Ebooks are convenient for reading fiction. But when reading, non-fiction with many footnotes and cross-refers via page numbers, my experience is that the ebook as presently designed fails.
I recently ordered a hard copy of Christianity: The First Three Thousand Years by Diarmaid MacCulloch. I have read this book in an ebook version. I was able to access footnotes in that version. But MacCulloch does a lot of cross-referring by page number in the text. My Kindle book did not have corresponding page numbers so I was unable to check these references.
I am now reading MacCulloch’s Silence: A Christian History. I purchased a hard copy of this book to read. In reading it, I have become aware of the elegant web of MacCulloch’s scholarly thought at he cross-refers in this book not only to itself but to his larger history, Christianity: The First Three Thousand Years.
When I discovered a used paperback version of his history, I jumped at the chance to purchase it. Yesterday I spent my allotted time for reading MacCulloch going back and forth between the two books, expanding my understanding of his observations and history.
I am seriously considering re-reading the history after finishing MacCulloch’s book on silence. I think MacCulloch has an amazing mind. It is a privilege to come in contact with it via these books and others by him I have read.
I wrestle with the concept of Christianity. MacCulloch has coined a phrase in regards to his own relationship with Christianity saying that he, a man called to the priesthood of the Anglican church as his own father was but rejected because of his candor about his sexuality, is a “friend of Christianity.”
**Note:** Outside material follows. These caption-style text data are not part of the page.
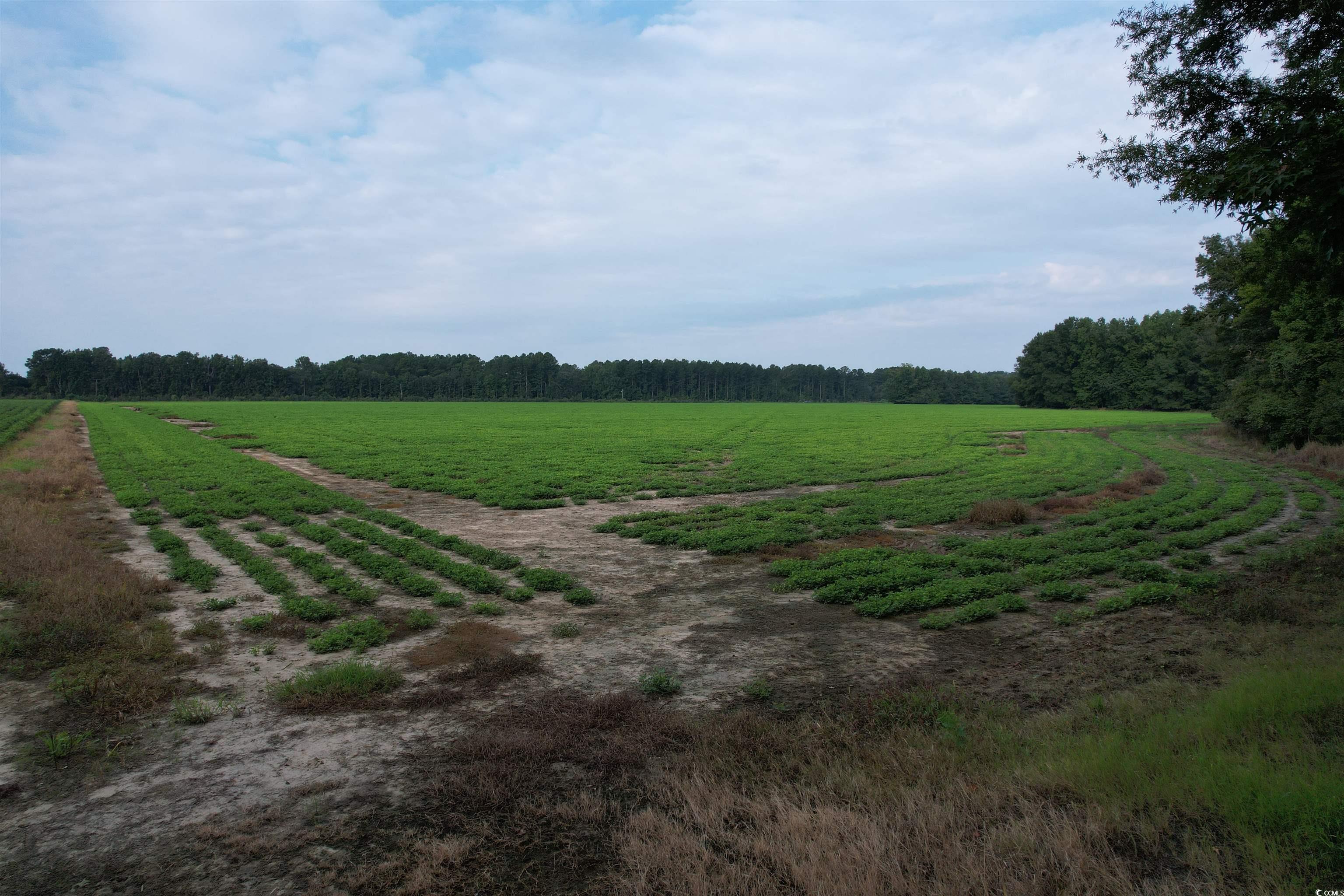 Tbd Mackey Road Greeleyville, SC 29056 - Photo 21 of 36 Gallery Image 21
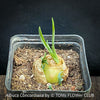 Albuca Concordiana, organically grown plants by TOMs FLOWer CLUB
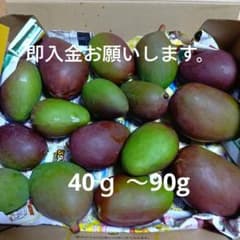 摘果マンゴー 約1キロ - メルカリ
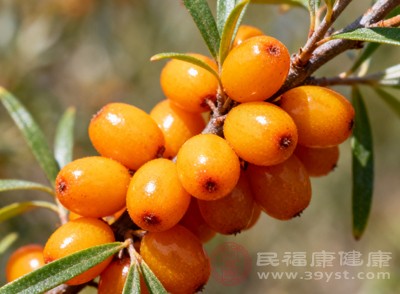 沙棘果實(shí)雖小，卻蘊(yùn)含著極為豐富的營(yíng)養(yǎng)物質(zhì)，堪稱(chēng)“天然營(yíng)養(yǎng)庫(kù)”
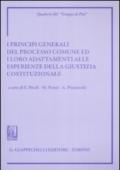 I principi generali del processo comune ed i loro adattamenti alle esperienze della giustizia costituzionale. Atti del Convegno (Siena, 8-9 giugno 2007)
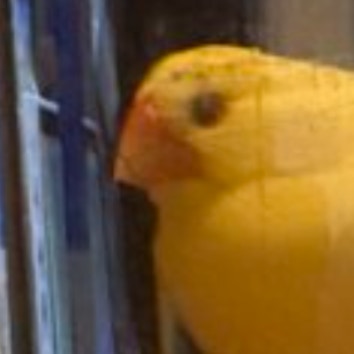 【びよーん】「エクレアのように…」麦茶ボトル越しに見た“もっちり文鳥”に3万いいね「かわいすぎ」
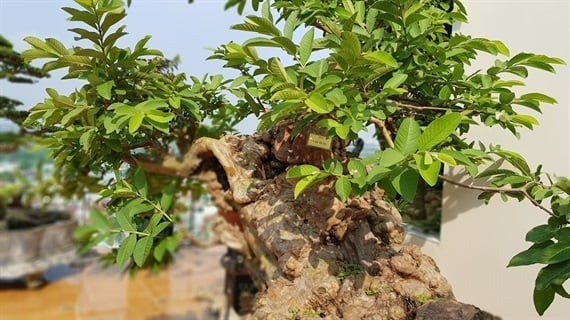 Ngam oi bonsai 300 tuoi khien dai gia “dung ngoi khong yen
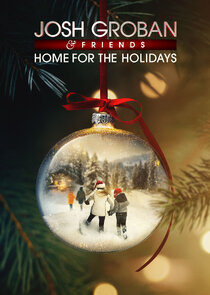 A Home for the Holidays Ne Zaman?'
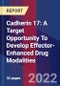 Cadherin 17: A Target Opportunity To Develop Effector-Enhanced Drug Modalities - Product Image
This week, particularly discouraged by the incoherence of theology at my church, I told Eileen that I was more of an “acquaintance of Christianity.”
However, I confessed to my boss yesterday my interest in all this shit, shaking my head and feeling dopey as usual.
My day yesterday was exhausting physically and emotionally. Improvising for three and a half hours of ballet class can be draining, especially when I try to put as much art in my work as possible. In addition to the improvising I worked with the young dancers developing their own choreography for the two tunes I wrote. I showed the B section of the piece I have dubbed “Sweet Talk but with a dark side” to one of the two dancers who are developing a dance for it. I could tell she was moved by my piece, an extraordinary compliment.
Later I sat with my boss (and friend) as she described her anger and bewilderment of the treatment of her life partner by Hope College. Her partner who has recently come out of the closet at work had been told that she would receive tenure when she returned from her present sabbatical. This offer has been summarily withdrawn (this is probably not even legal, much less moral or fair). Plus the people who told her this also apparently made bullying and threatening comments about my boss and Grace church.
Unfortunately both my boss and I can draw a clear line from the theology of the majority of the Dutch Reformed church to these outrages. More reasons to be an “acquaintance” of Christianity even as I spend the quiet of my morning reading MacCulloch and continue to respect and admire my boss the priest.
I recommend this book on silence, “A Sunlit Absence: Silence, Awareness, and Contemplation” by Martin Laird. I also recommend another book by Laird titled, “Into The Silent Land: A Guide to the Christian Practice of Contemplation.”
Thank you for the recommendations. I’m always interested in what others recommend.